Weltrekordlerin Paula Radcliffe hat ihre Teilnahme am WM-Marathon am Sonntag in Berlin abgesagt. "Ich bin niedergeschlagen, dass ich nicht rechtzeitig in Form gekommen bin, um hier in Berlin das britische Team zu repräsentieren", sagte die 35-Jährige in einer Erklärung des britischen Leichtathletik-Verbandes UK Athletics. Radcliffe hatte noch am Sonntag in New York einen Halbmarathon gewonnen. Sie will jedoch nach einer Fußoperation nichts riskieren, um ihre Laufbahn erfolgreich fortsetzen zu können. "Es ist für mich sehr wichtig, oft Rennen zu bestreiten, zu 100 Prozent gewinnen zu können, damit ich erfolgreich meinen Weg bis London 2012 gehen kann", sagte sie. Die Weltmeisterin von 2005 hält seit dem London-Marathon 2003 in 2:15:25 Stunden den Weltrekord auf der klassischen 42,195-Kilometer-Strecke. "In New York am Wochenende zu laufen, war notwendig, um herauszufinden, wo ich mit meiner Fitness stehe", sagte Radcliffe. Für die Weltmeisterin von 2005 war es der erste Wettkampf seit dem Gewinn des New-York-Marathons am 2. November 2008. Im März musste sie sich einer Fußoperation unterziehen. Bei den Olympischen Spielen in Peking war sie angeschlagen auf Platz 23 gelandet.

Wussten Sie, dass Leichtathletik-Weltmeisterschaften erst dreimal außerhalb Europas stattgefunden haben? In Japan traten die Athleten dafür gleich zweimal an: 1991 in Tokio und 2007 in Osaka. Ein Wahrer "Exot" unter den WM-Gastgebern war 2001 Edmonton in Kanada.

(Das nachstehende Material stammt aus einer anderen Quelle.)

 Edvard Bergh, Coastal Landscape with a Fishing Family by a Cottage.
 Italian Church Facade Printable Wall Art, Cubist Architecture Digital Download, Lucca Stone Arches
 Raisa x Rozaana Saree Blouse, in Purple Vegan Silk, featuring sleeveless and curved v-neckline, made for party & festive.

Jamaikas Athleten sind dank des 100-m-Weltrekords von Usain Bolt (9,58 Sekunden) bislang die Top-Verdiener der Leichtathletik-WM in Berlin. 430.000 Dollar (302.000 Euro) hatten sie bis zur Halbzeit am Mittwoch an Preisgeld eingestrichen und damit fast doppelt soviel wie die Deutschen um ihre beiden Weltmeister Robert Harting (Berlin/Diskus) und Steffi Nerius (Leverkusen/Speer). Sie kamen auf einen Verdienst von 252.000 Dollar (177.000 Euro) und liegen damit in der Geldrangliste auf Rang fünf. Vor den Gastgebern rangieren neben Jamaika, das dank des 100.000-Dollar-Bonus für Bolts Weltrekord so gut dasteht, noch die USA (397.000 Dollar/279.000), Russland (310.000/218.000) und Kenia (304.000/213.000). Insgesamt schüttet der Leichtathletik-Weltverband in Berlin Preisgelder in Höhe von 7,336 Millionen Dollar (5,15 Mio. Euro) aus. Für Einzel-Gold gibt es 60.000 (42.000), für Silber 30.000 (21.000) und für Bronze 20.000 Dollar (14.000). Rang acht wird noch mit 4000 Dollar (2811) belohnt. 100.000 Dollar (70.300) zusätzlich winkten für Weltrekorde.

Berlins Regierender Bürgermeister Klaus Wowereit (SPD) hat die Leichtathletik-Weltmeisterschaft in einer Zwischenbilanz als großen Erfolg bezeichnet. "Die Stimmung im Stadion und in der Stadt ist genial", sagte Wowereit am Donnerstag. "Es ist zwar schade, dass in der ersten Hälfte viele Plätze frei blieben, aber die letzten Tage werden die stärksten sein", sagte Wowereit. Berlin habe seine Chance genutzt, "international ins Zentrum zu rücken". Auch die hohen Quoten der Live-Übertragungen zeigen laut Wowereit den Erfolg. Die Titelkämpfe hätten Sportgeschichte geschrieben und große Emotionen ausgelöst.